A big thank you goes out to my Uncle Rick and Aunt Marsha. Rick is my Mothers brother. They opened their house, and their hearts, to all who attended the services. We ate food, visited, and remembered Mother.
My Grandaughter Kayla, who will be seven years old in September. Has a story to tell. The night Grandma died, at about 10:30 PM, she was rummaging through her dresser drawers, and began to see this foggy looking thing against the wall. Then she heard Grandma say to her "I Love You". Kayla also attended the services for Mother.

A very special thank you to my brother-in-law, Bruce Brink. He stood in for me and spoke on my behalf, gave the introduction at the service, and read the poem "Mother", from this Blog that I had published on Mothers Day. There is no way I could have even gotten three words out without breaking down and crying. And so...................These are the words that I would have said.

Yes....you were my friend. I watched over the years that you would give your love to others, while only thinking of yourself. My heart is broken that you are gone. I can not speak, I can only cry. You have been my pillar for so many years, when my own heart aches from these journeys we call life. I remember being in so much trouble when I was a kid. But you loved me unconditionally no matter what I did wrong. When I was in Vietnam I would think about you, and that somehow gave me strength to make it through the day. When I lost a loved one, or lost a job, or lost my sense of direction, you were always there to show me the way, and how to retain my sense of humor. If you could see me now, my heart so heavy, curled up like a small child wondering on my own. Do you see me now..........I can't let go!..........these tears I cry for you..........I hope you are safe and you walk the path for everlasting life with "the old man with the long white whiskers". Please Lord, take her hand, and let her walk with you........... Go now Mother and see our "God Almighty".........I love you Mother, and I will miss you.

As she requested, my Mothers ashes were tossed off the Nianqua River Bridge(pictured above), at Bennett Springs State Park, in Missouri. This is a very special place among my brother and sisters.
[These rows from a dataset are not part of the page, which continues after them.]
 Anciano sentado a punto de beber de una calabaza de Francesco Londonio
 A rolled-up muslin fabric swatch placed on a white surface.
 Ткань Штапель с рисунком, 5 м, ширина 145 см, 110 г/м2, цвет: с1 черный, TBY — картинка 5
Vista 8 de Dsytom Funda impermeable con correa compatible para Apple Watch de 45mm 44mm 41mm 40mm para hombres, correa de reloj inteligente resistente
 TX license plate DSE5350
We grew up there, camping and fishing when we were just kids. A special place for Mother too, away from the drama of everyday life.

Songs of the Week

These were some of the songs played at the service for Mother. Please enjoy!

Allison Krausse - I'll Fly Away

Jeff Carson - I Can Only Imagine
My little sisters request with lyrics, by Blake Shelton.
My brother said that I was rotten to the core. I was the youngest child, so I got by with more. I guess she was tired by the time I came along. She'd laugh until she cried: I could do no wrong. She would always save me, because I was her baby.
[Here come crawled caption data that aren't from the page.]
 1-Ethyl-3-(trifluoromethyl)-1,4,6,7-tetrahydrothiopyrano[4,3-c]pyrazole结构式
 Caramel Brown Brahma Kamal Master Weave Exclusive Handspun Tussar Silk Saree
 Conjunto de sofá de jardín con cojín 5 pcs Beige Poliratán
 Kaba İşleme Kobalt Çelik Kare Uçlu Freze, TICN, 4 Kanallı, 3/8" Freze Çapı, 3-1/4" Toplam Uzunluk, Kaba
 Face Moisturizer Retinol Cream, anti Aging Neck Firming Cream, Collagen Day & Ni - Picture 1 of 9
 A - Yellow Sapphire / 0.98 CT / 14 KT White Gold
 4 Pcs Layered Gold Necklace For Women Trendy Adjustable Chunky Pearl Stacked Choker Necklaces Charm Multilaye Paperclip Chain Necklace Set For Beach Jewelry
I worked a factory in Ohio, A shrimp boat in the Bayou, I drove a truck in Birmingham. Turned twenty-one in Cincinnati, I called home to Mom and Daddy, I said: "Your boy is now a man." She said: "I don't care if you're 80, "You'll always be my baby."

She loved that photograph of our whole family. She'd always point us out, for all her friends to see. "That's Greg he's doing great. He really loves his job. "And Ronnie with his two kids. How 'bout that wife he's got. "And that one's kinda crazy, but that one is my baby."

I got a call in Alabama, Said: "Come on home to Louisianna, "And come as fast as you can fly. "'Cause your momma really needs you, "And says she's got to see you. "An' she might not make it through the night." The whole way I drove 80, So she could see her baby.

She looked like she was sleepin', And my family had been weepin', By the time that I got to her side. And I knew that she'd been taken, And my heart, it was breakin', I never got to say goodbye. I softly kissed that lady, And cried just like a baby.